Pier Paolo Piccioli and Maria Grazia Chiuri have connected with the in crowd. The studded patent kitten heels from their last collection are among this fashion season's It-est shoes—no small feat, considering the kind of girls we're talking about are used to wearing 110-mm stilettos to lunch. Something about the duo's new take on Valentino's signature elegance looks fresh to the under-35 set, and they're buying. In response, perhaps, the designers' focused Spring collection wasn't so much a step forward as it was a refinement of ideas they proposed for Fall.











Nearly every model on the runway at Paul & Joe was smiling—from "smizes" to the full monty with teeth. Was it the all-flats footwear? Or the fact that this was the second-to-last show of a grueling month? The explanation came from designer Sophie Albou. "I like smiley girls!" she exclaimed backstage. "I tell them all to smile."

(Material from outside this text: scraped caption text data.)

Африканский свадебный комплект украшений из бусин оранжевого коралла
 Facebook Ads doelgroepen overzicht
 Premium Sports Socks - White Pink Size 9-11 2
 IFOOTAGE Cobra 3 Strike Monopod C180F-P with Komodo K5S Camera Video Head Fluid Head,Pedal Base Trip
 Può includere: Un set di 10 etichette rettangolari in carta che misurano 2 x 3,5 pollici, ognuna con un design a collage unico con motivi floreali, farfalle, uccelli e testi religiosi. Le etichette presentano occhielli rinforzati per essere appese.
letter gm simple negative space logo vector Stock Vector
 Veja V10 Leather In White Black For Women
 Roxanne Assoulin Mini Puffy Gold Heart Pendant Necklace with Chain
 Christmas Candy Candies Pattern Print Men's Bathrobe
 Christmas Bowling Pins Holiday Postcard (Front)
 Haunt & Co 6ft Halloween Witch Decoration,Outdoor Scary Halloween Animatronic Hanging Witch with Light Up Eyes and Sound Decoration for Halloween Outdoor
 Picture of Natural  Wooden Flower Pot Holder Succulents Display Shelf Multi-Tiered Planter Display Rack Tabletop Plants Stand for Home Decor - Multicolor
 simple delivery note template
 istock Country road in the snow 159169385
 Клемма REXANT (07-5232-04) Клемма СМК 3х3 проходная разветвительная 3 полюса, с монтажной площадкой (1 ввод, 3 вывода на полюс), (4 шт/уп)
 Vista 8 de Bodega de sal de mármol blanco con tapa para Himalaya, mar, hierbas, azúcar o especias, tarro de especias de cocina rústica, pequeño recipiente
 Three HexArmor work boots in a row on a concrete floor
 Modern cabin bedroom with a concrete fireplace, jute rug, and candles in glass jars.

Those happy expressions were a perfect fit for these giddy-cute clothes. This looked unabashedly like a Spring/Summer collection, a thing of note at a moment in fashion when seasonlessness is the standard. Albou opened up shop recently in Los Angeles—her sole stand-alone U.S. outpost—and while her brand of bohemia isparisienne, these flippy printed minidresses, shrunken bombers, embroidered peasant blouses, and fluttery maxi skirts should do a brisk business on the West Coast.